/GCKD

test

Primary LanguagePython

GCKD

Introduction

This repo contains the Pytorch implementation of Graph Contrastive Knowledge Distillation for Self-supervised Models (GCKD).

An overview of GCKD

model

Experiments on Cifia-100

result

The implementation of compared methods are based on the author-provided code and a open-source benchmark https://github.com/HobbitLong/RepDistiller.

Requirements and Environment Setup

Code developed and tested in Python 3.6.15 using PyTorch 1.10.0+cu113 and dgl 1.0.1+cu113. As for ImageNet, we use DALI for data loading and pre-processing.
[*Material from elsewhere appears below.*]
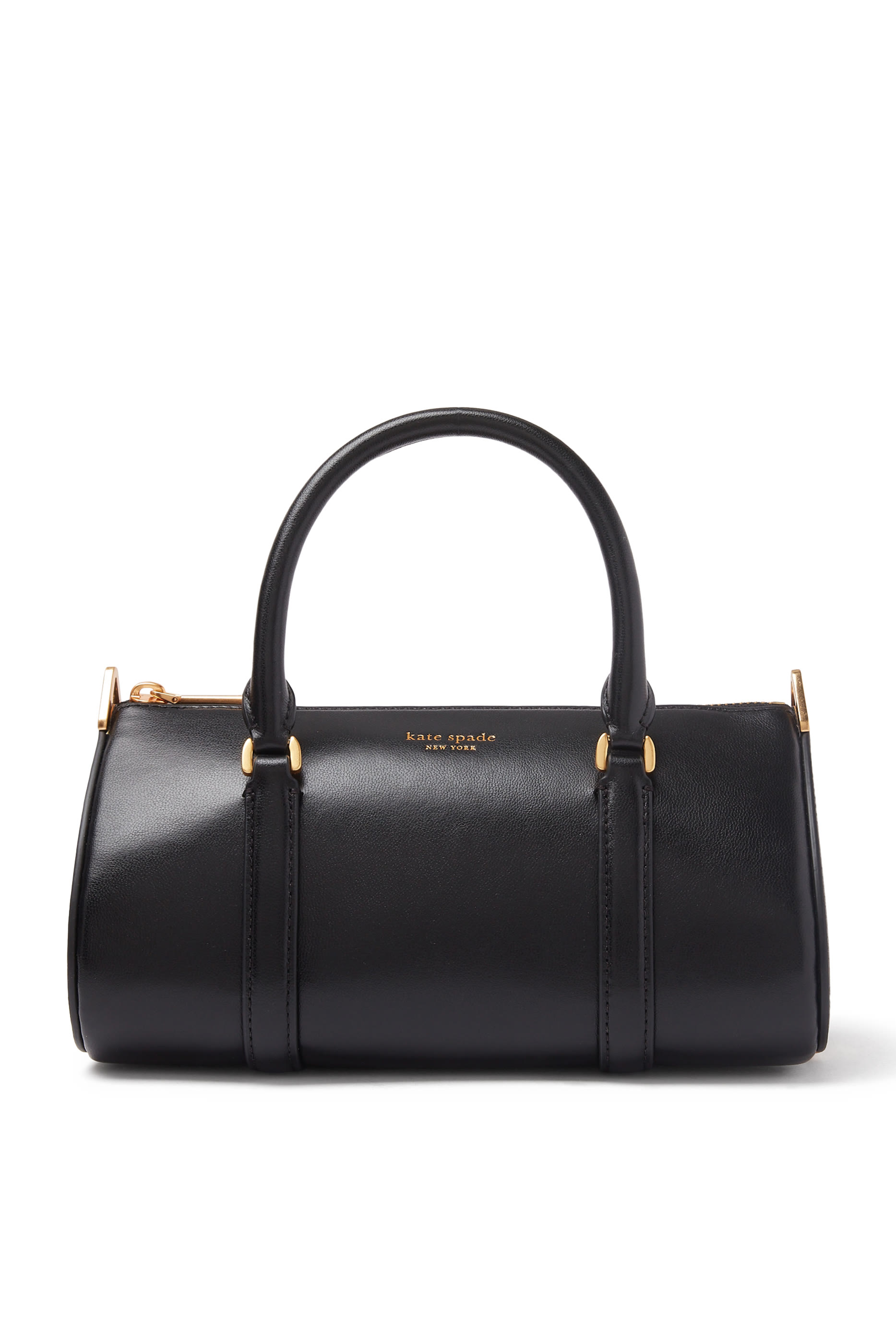 Leather Duffle Crossbody Bag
Please refer to their official websites for installation and setup.

Other major requirements are given in file requirements.txt.
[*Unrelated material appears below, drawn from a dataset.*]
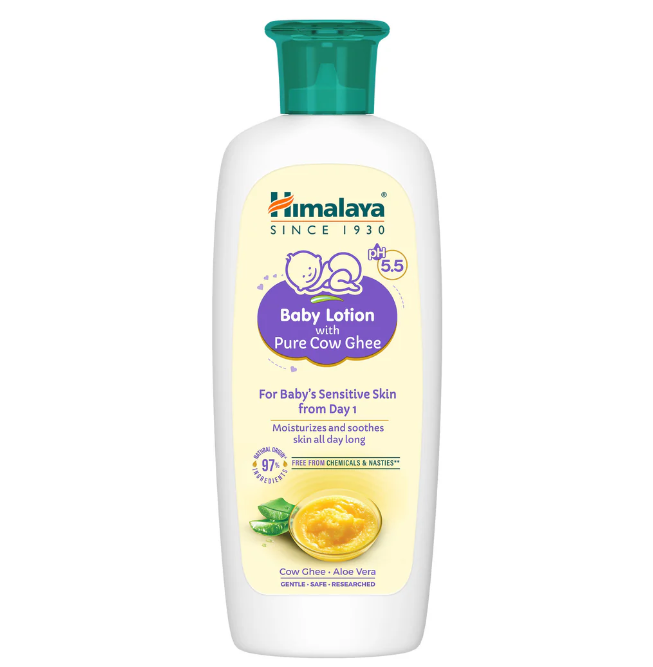 Show details for Himalaya Baby Lotion with Pure Cow Ghee - 100 ML Picture of Himalaya Baby Lotion with Pure Cow Ghee - 100 ML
conda install --yes --file requirements.txt

Running

  1. Fetch the pretrained teacher models by:

    sh scripts/fetch_pretrained_teachers.sh
    

    which will download and save the models to save/teachers/models

  2. Run distillation by commands in scripts\run_distill.sh. An example of running GCKD is given by:

    python train_student.py --path_t ./save/teachers/models/resnet32x4_vanilla/resnet32x4_best.pth --model_s resnet8x4 --distill gckd --last_feature 1 --gnnlayer TAG --layers 2 --gnnencoder one --adj_k 8 --NPerturb 0.1 --EPerturb 0 -c 1 -d 1 -m 1 -b 3 --trial 1
    

Here's a summary of each hyperparameter in train_student.py

1. Basic:
   - `print_freq`: Frequency of printing training progress.
   - `batch_size`: Number of samples in each mini-batch.
   - `num_workers`: Number of workers to use for data loading.
   - `epochs`: Number of training epochs.
   - `gpu_id`: ID(s) of the GPU(s) to be used.

2. Optimization:
   - `learning_rate`: Learning rate for the optimizer.
   - `lr_decay_epochs`: Epochs at which the learning rate should be decayed. It can be a list of values.
   - `lr_decay_rate`: Decay rate for the learning rate.
   - `weight_decay`: Weight decay (L2 regularization) for the optimizer.
   - `momentum`: Momentum value for the optimizer.
   - `cos`: Flag indicating whether to use a cosine learning rate schedule.

3. Dataset and Model:
   - `dataset`: Dataset to be used ('cifar100' or 'imagenet').
   - `model_s`: Student model architecture.
   - `path_t`: Path to the teacher model.

4. Distillation:
   - `trial`: Trial ID.
   - `kd_T`: Temperature for Knowledge Distillation (KD).
   - `cl_T`: Temperature for Contrastive Learning (CL) distillation.
   - `distill`: Distillation method to be used.
   - `cls`: Weight for the classification loss.
   - `div`: Weight balance for KD.
   - `mu`: Weight balance for feature L2 loss.
   - `beta`: Weight balance for other losses.
   - `gama`: Weight balance for other losses.
   - `factor`: Size factor for SimKD.
   - `soft`: Attention scale for SemCKD.

5. Hint Layer:
   - `hint_layer`: Index of the hint layer.

6. NCE Distillation:
   - `feat_dim`: Feature dimension.
   - `mode`: Mode for NCE distillation ('exact' or 'relax').
   - `nce_k`: Number of negative samples for Noise Contrastive Estimation (NCE).
   - `nce_t`: Temperature parameter for softmax.
   - `nce_m`: Momentum for non-parametric updates.

7. GCL (Graph Contrastive Learning):
   - `gadv`: Learnable graph augmentation method ('adgcl' or 'None').
   - `NPerturb`: Node perturbation rate of graph augmentation.
   - `EPerturb`: Edge perturbation rate of graph augmentation.
   - `gnnlayer`: Type of Graph Neural Network (GNN) layer.
   - `layers`: Depth of GNN layers.
   - `last_feature`: The embedding from the last nth layers of the model.
   - `gnnencoder`: GNN encoder update method.
   - `loss_func`: Form of contrastive loss.
   - `adj_k`: k of adjacency matrix.

8. Multiprocessing:
   - `dali`: DALI library usage ('cpu' or 'gpu').
   - `multiprocessing-distributed`: Flag for multi-processing distributed training.
   - `dist-url`: URL used to set up distributed training.
   - `deterministic`: Flag for making results reproducible.
   - `skip-validation`: Flag for skipping teacher validation.